Students will examine documentary, multimedia, and oral history sources in order to develop an understanding of the historical antecedents, activity, and fall of the dictatorship. They will consider the construction of history, by visiting historical sites in Argentina (such as torture centers), and the uses of history, by forging contacts with those who seek to define memory of the dictatorship today (such as political and social actors). Students will also examine research, analyses, and oral history sources in order to develop an understanding of (1) the psychological, developmental, and relational legacies of the dictatorship, as well as (2) the response of the psychological community to the regime both during and after the Dirty War. First, psychologists have studied the activities of the 1976-1983 regime in terms of the psychological consequences for those individuals exposed to torture, the psychological consequences for those individuals who fear or discover that they were kidnapped and raised by regime-friendly families, and the psychological and relational consequences for families of the disappeared.

Students will be able to explore how widespread fear, isolation, uncertainty, silence, and suspicion shape individual identity and family relationships as they consider the experiences of affected families both during and after the regime.
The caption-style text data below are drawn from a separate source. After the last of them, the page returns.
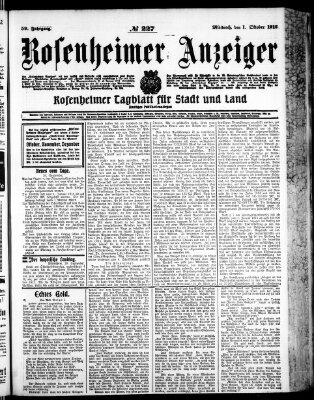 Rosenheimer Anzeiger Mittwoch 1. Oktober 1913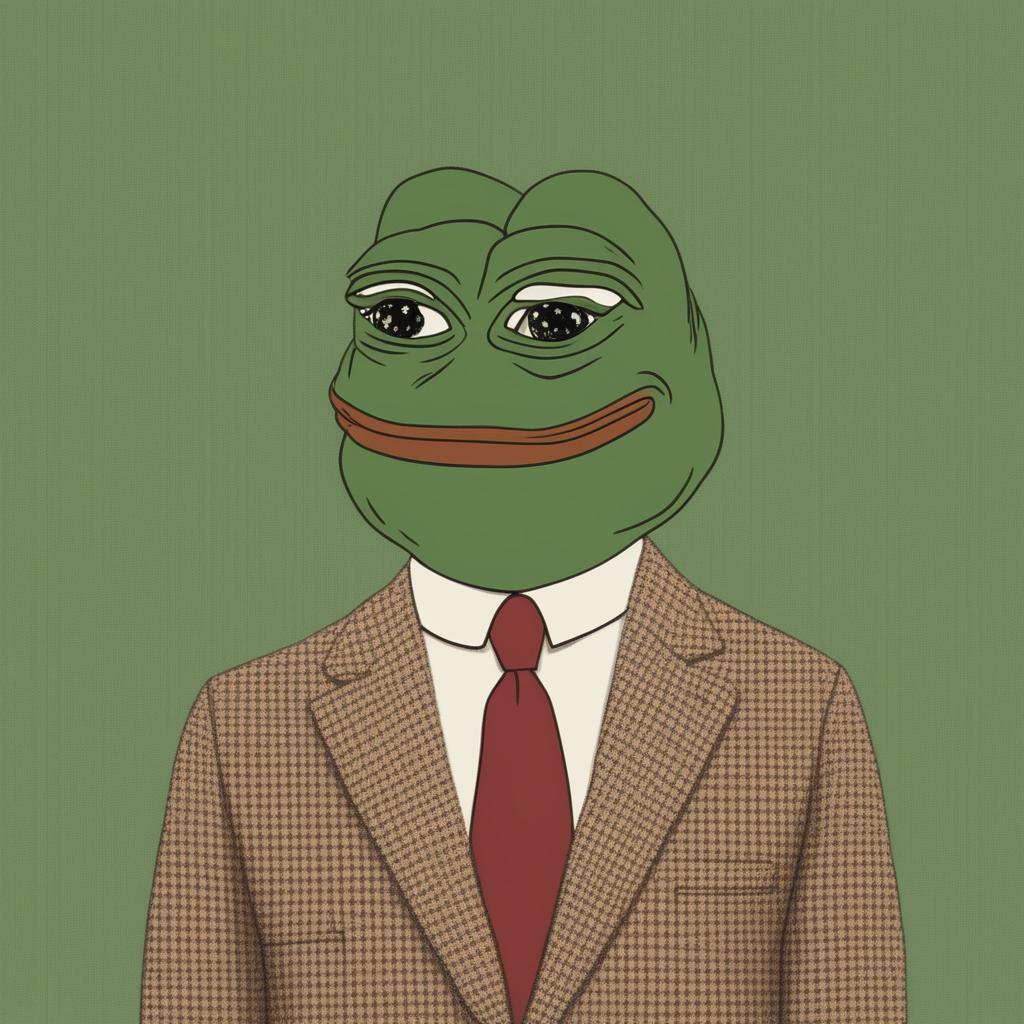 This is a digital art image of Pepe the Frog, depicted in the style of director Wes Anderson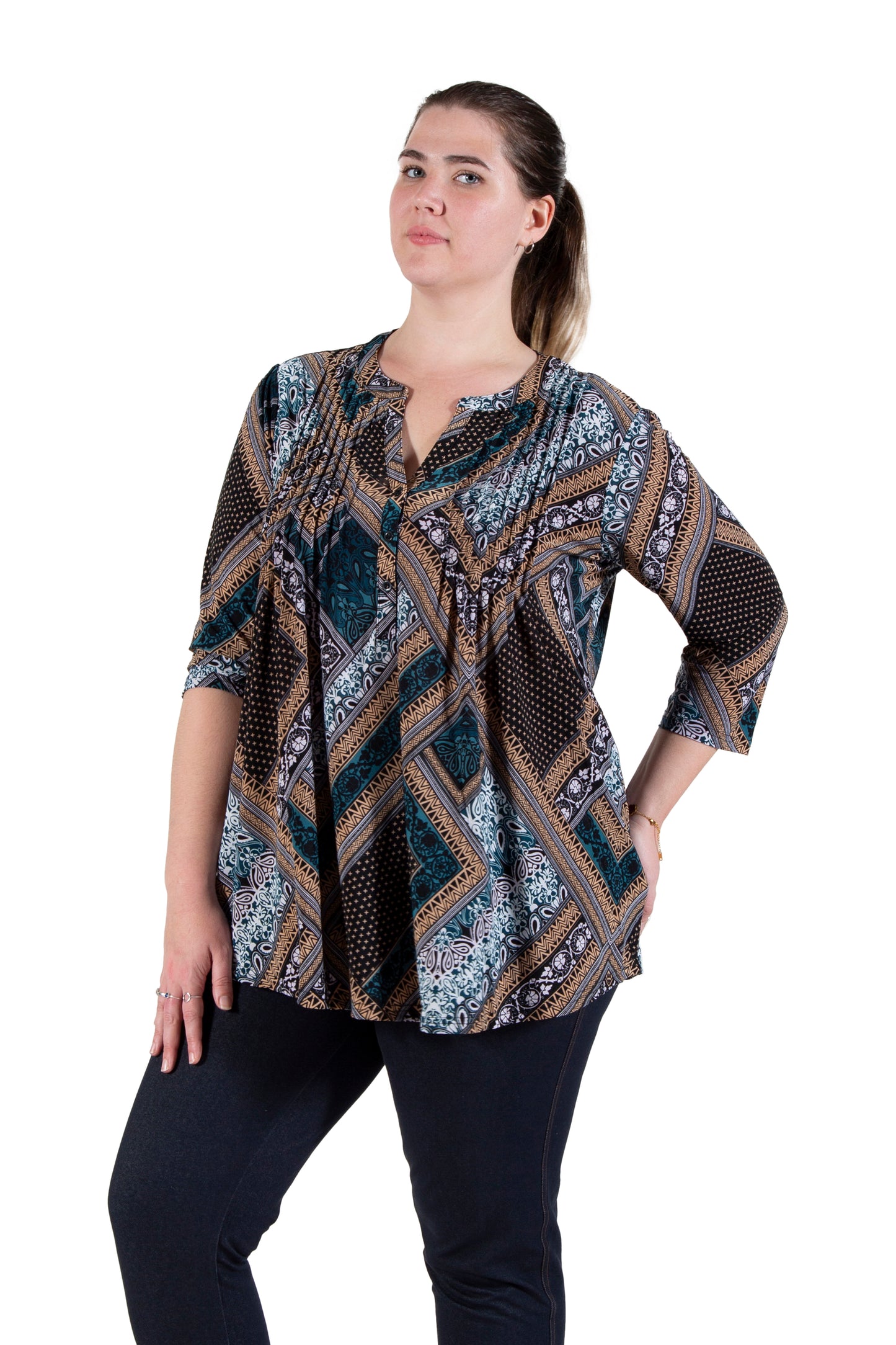 La Cera Plus Size Pleat Front Top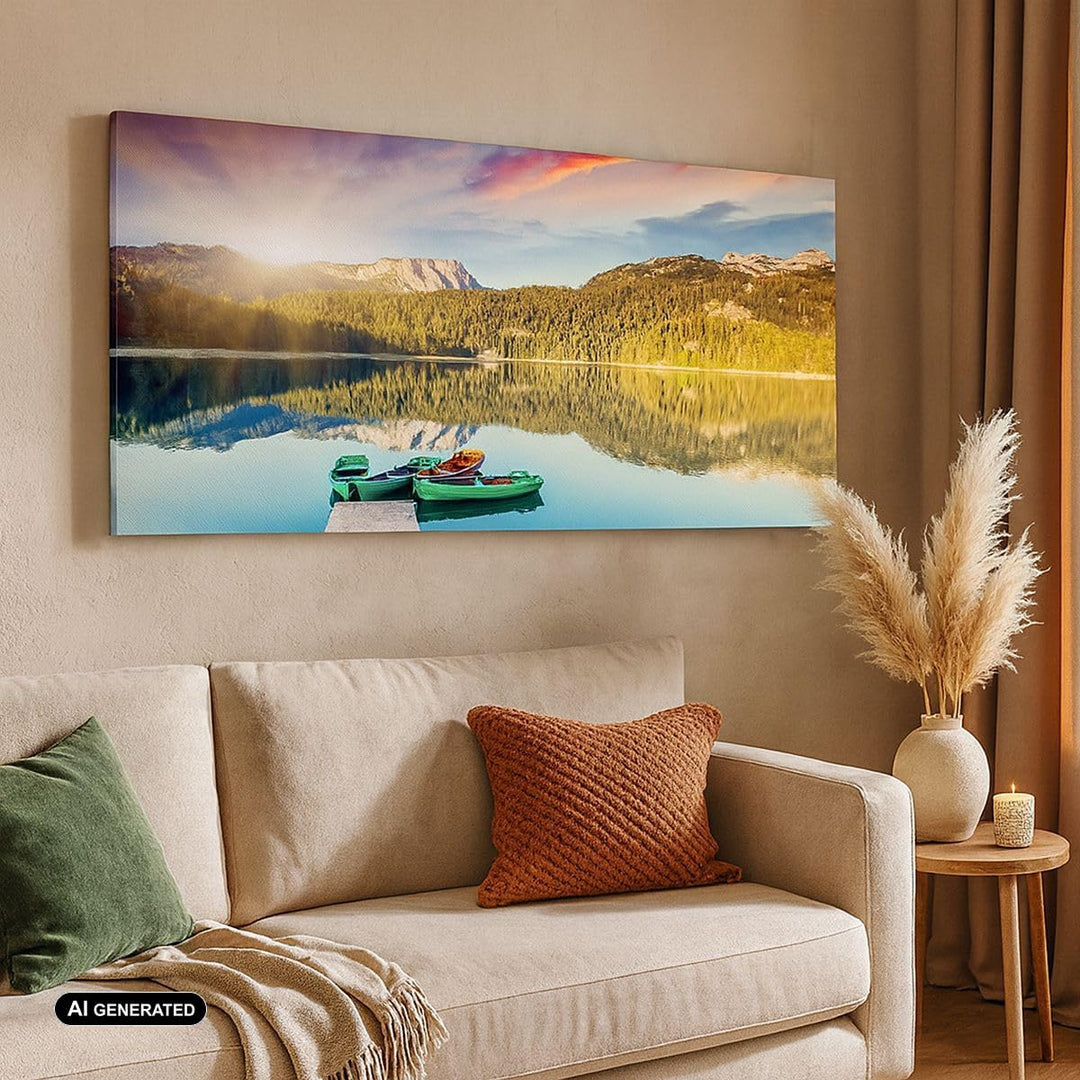 Panorama Bilder auf Leinwand See Berge Wasser Leinwandbild mit Rahmen 90x30cm Wandbilder Dekoration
For example, they will consider the identity crisis faced by those who have grown to adolescence and adulthood before discovering their biological parents had been killed by the government and their adoptive parents had taken charge of them illegally.
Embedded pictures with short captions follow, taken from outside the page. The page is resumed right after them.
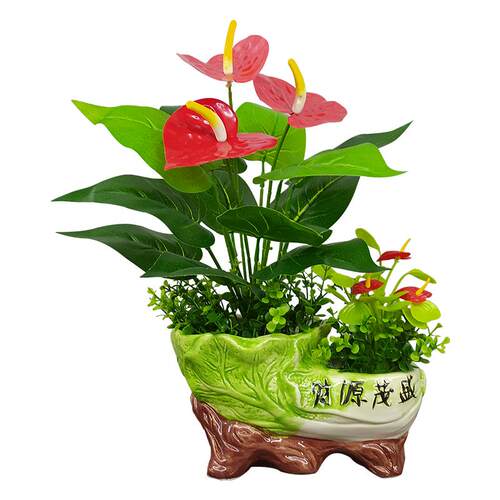 仿真绿植物盆栽塑料仿真花假花摆设家居客厅电视柜茶几装饰品摆件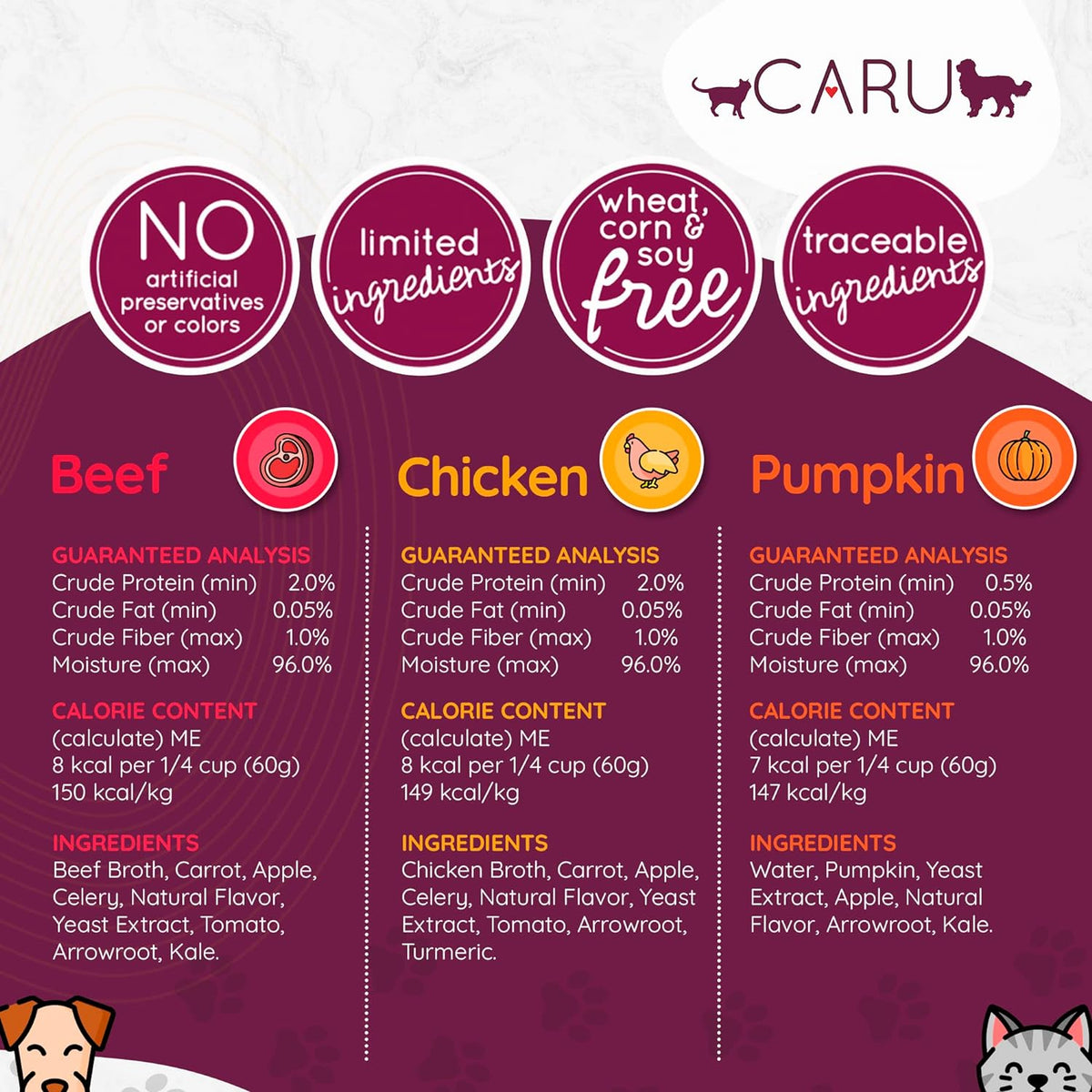 Caru - Daily Dish Pumpkin Broth Meal Topper for Dogs & Cats - Savory Pour-Over Broth - Pack of 3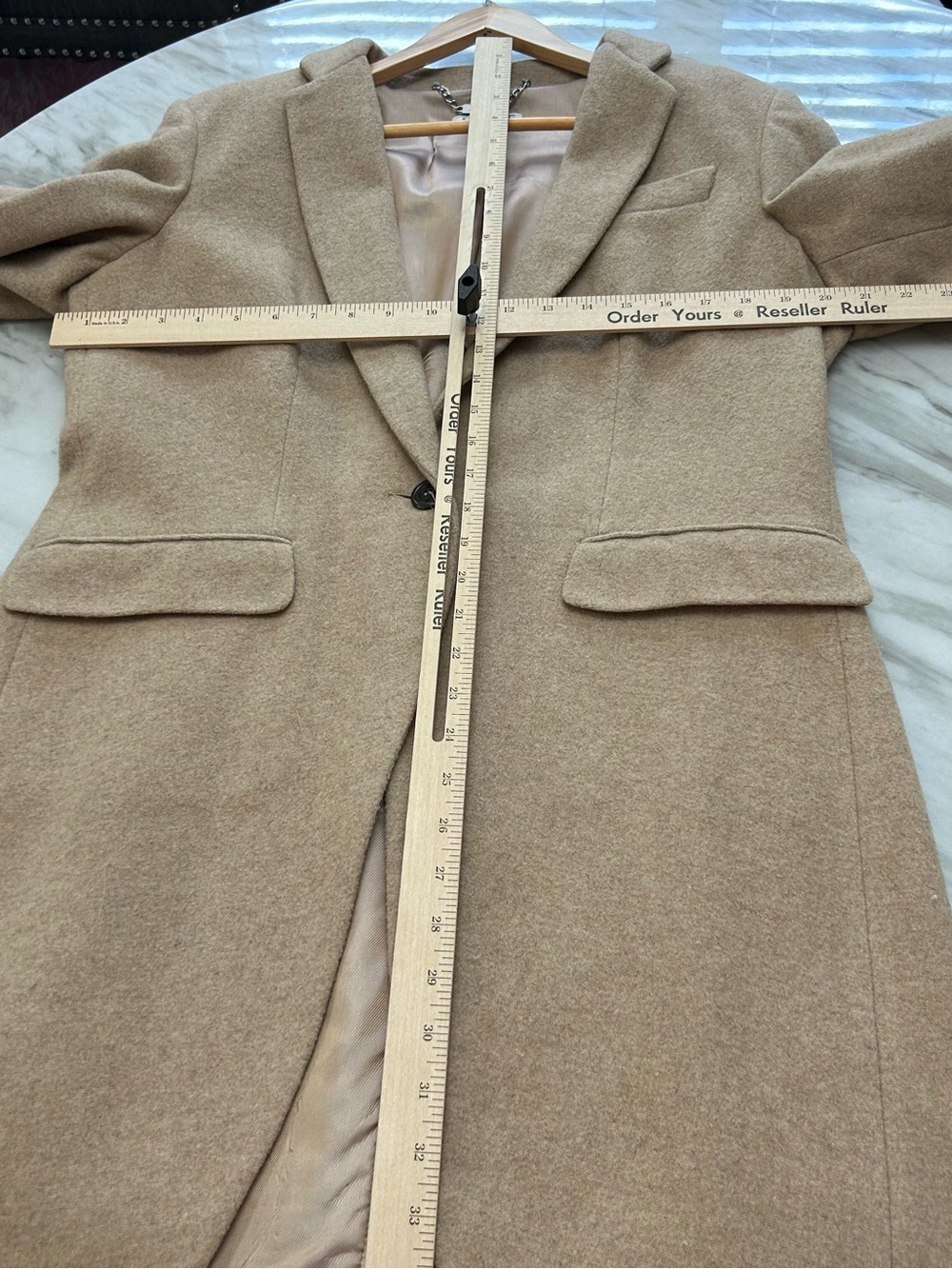 🩵MAKE OFFER🩵 APART Camel Long Wool Coat Tan Brown Winter Jacket Size 8 - Picture 4 of 7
The opportunity for close interaction with those involved in the terror of the regime and the long process of recovery will be invaluable to the goals of this course. Many of the individuals with whom students will meet were personally affected by the Dirty War, whether they were kidnapped by the regime, were illegally given in adoption to friends of the military, or lost family members to state terror. Members of such groups as the Mothers of the Plaza de Mayo and the Children of the Disappeared will discuss with students their personal histories of loss, the legacies of violence, and the struggle for political justice and psychological and social recovery.